Follow these steps:

1) Generate a data file using the IBM data generator program,
gen. This is the same as the public version from Almaden, but I have
enhanced it to generate a configuration file, and a modified ascii
database file.

For cSPADE make sure the DB is in binary format.  The output file
should be named XXX.data (note the 'data' extension). The gen program
also produces a XXX.conf file automatically.

The format of the binary file should be 
<cid> <tid> <numitem> <item list>

run gen seq -help for data generation options.
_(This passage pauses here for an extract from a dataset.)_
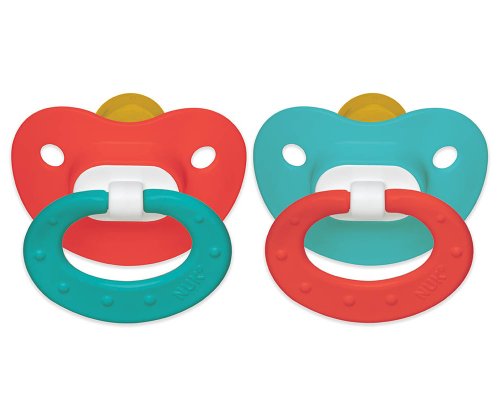 NUK Juicy Silicone Orthodontic Pacifier 2-Pack, Size 2 - Pink/Aqua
1b) If you are using a real DB then it must still be in the same
format. If it is initially in ASCII format, you can covert it to
binary using

makebin XXX.asc XXX.data, where XXX.asc is the ascii db input.

Next run ./getconf -i XXX -o XXX to obtain XXX.conf file.

2) run: exttpose -i XXX -o XXX -l -s LMINSUP
        e.g. exttpose -i XXX -o XXX -l -s 0 -x

note: this produces the files XXX.tpose, and XXX.idx

The XXX.tpose file is the DB in vertical format, and
XXX.idx is an index file specifying where the tid-list for each item
begins.

You can specify a value of LMINSUP to be the same as the one you will use to 
run spade below, in which case you will have to rerun exttpose each time you 
use a new lower MINSUP. Alternatively, you can use a small value for LMINSUP, 
and it will continue to work for all values of MINSUP >= LMINSUP when you
run spade.

The time for inverting is stored in summary.out. The format is:
TPOSE DB_FILENAME X NUMITEMS TOTAL_TIME

(see note one TOTAL_TIME below)

3) Now you can run cSPADE as follows:
        spade -e 1 -r -i XXX -s MINSUP

MINSUP is in fractions, i.e., specify 0.5 if you want 50% minsup or
0.01 if you want 1% support.

        some other options:
        -o output mined sequences (-2 separates the sequence from the
                                support)
        -l min_gap between itemsets in a seq
        -u max_gap between itemsets in a seq        
           note: you can specify both max and min gap simultaneously.
           for instance if you want to find all sequences with
           itemsets exactly g apart you can use -l <g> -u <g>
        -w max_window for the whole sequence
        -z max_seq length (in terms of the number of itemsets it can have)
        -Z max_itemset length

  For example here are a few exmaple runs:
        spade -e 1 -r -i XXX -s MINSUP -l 2
        spade -e 1 -r -i XXX -s MINSUP -u 2
        spade -e 1 -r -i XXX -s MINSUP -l 2 -u 2
        spade -e 1 -r -i XXX -s MINSUP -l 2 -u 4
        spade -e 1 -r -i XXX -s MINSUP -w 4
        spade -e 1 -r -i XXX -s MINSUP -l 2 -u 4 -w 10
        spade -e 1 -r -i XXX -s MINSUP -z 3
        spade -e 1 -r -i XXX -s MINSUP -Z 3
        spade -e 1 -r -i XXX -s MINSUP -z 3 -Z 4
        etc.....


note that the summary of the run is stored in the summary.out
file. The format of this file is as follows:

SPADE DB_FILENAME MINSUP ACTUAL_SUPPORT NUMBER_OF_JOINS JOIN_TIME_FOR_F2
      . . . :  F1 F2 F3 .... F_k : F1_TIME F2_TIME FK_TIME TOTAL_TIME

The values of most interest to you are F1, F2, F3, ... F_k, ... which
give the number of frequent k-sequences and TOTAL_TIME which is the
total Wall-Clock or Elapsed time (and NOT just the CPU time).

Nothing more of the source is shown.